Biri fenalaştı. Önce başının altına yumuşak bir cisim koyalım ki baş darbe almasın. Darbe alırsa 5 yıl sonra etkisini gösterip; başka bir süprizle karşılaşabiliriz!
Daha sonra alanı açalım etrafında bıçak, makas gibi kesici bir cisim varsa ittirelim, kravat, fular bağlı ise açalım.
Dişleri kenetlenmiş, dilini ısırmış olabilir. Ağzını açmaya çalışmayalım, çene kemiğini kırabiliriz! Dilini ısırsın; dil ve koltuk altı kendi kendini tamir eden 2 uzuvumuzdur.
Ağızdan köpük gelen bir nöbetse, başını yan çevirelim dışarı aksın. Yoksa nefes borusuna gidebilir. Ölüme veya beyne giden damarın tıkanmasına neden olabilir!
Kesinlikle yüzüne su dökmeyelim; genzine kaçabilir
Elini, ayağını tutmayalım! Bilinçsizce çok güçlü vuruyor; kırabiliriz.
Kesinlikle soğan, kolonya koklatmayalım, nöbet süresini uzatır. Nöbet 45 saniyede geçecekse, 50 saniyede geçer …
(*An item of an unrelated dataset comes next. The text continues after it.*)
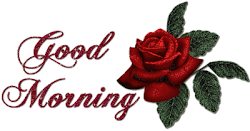 morning rose roses quotes tuesday wishes nice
Kendine geldiği an epilepsililer özellikle kadınlar gözünü ‘ben neredeyim?’ diye açar. ‘Ne oldu, nasıl oldu’ yerine, ‘korkma Şişli’desin, korkma hastanedesin’ demeniz, o kişiye vereceğiniz en önemli bilgi. Yerden kalkmasına yardımcı olun; artık o da sizin gibi her işini kendisi yapabilecek bir birey!
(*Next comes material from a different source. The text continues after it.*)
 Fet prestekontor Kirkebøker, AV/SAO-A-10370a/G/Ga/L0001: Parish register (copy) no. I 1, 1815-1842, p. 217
İlk yardımı bilince, ambulans çağırmanıza da gerek yok . 3 farklı durum hariç. Kişi hamileyse, nöbetler arka arkaya tekrarlıyorsa, nöbetten sonra şuuru açılmıyorsa! O zaman mutlaka ambulans çağıracağız!
SİZCE BU KONUDA EĞİTİM VERİLMELİ Mİ AİLELERE ?
Kesinle verilmeli; özellikle ailelere ve öğretmenlere… Bunun için 2001 den bugüne çalışmalar yapıyoruz. Okullarda epilepsili çocuğu okula kabul etmek istemeyen okullar bile var!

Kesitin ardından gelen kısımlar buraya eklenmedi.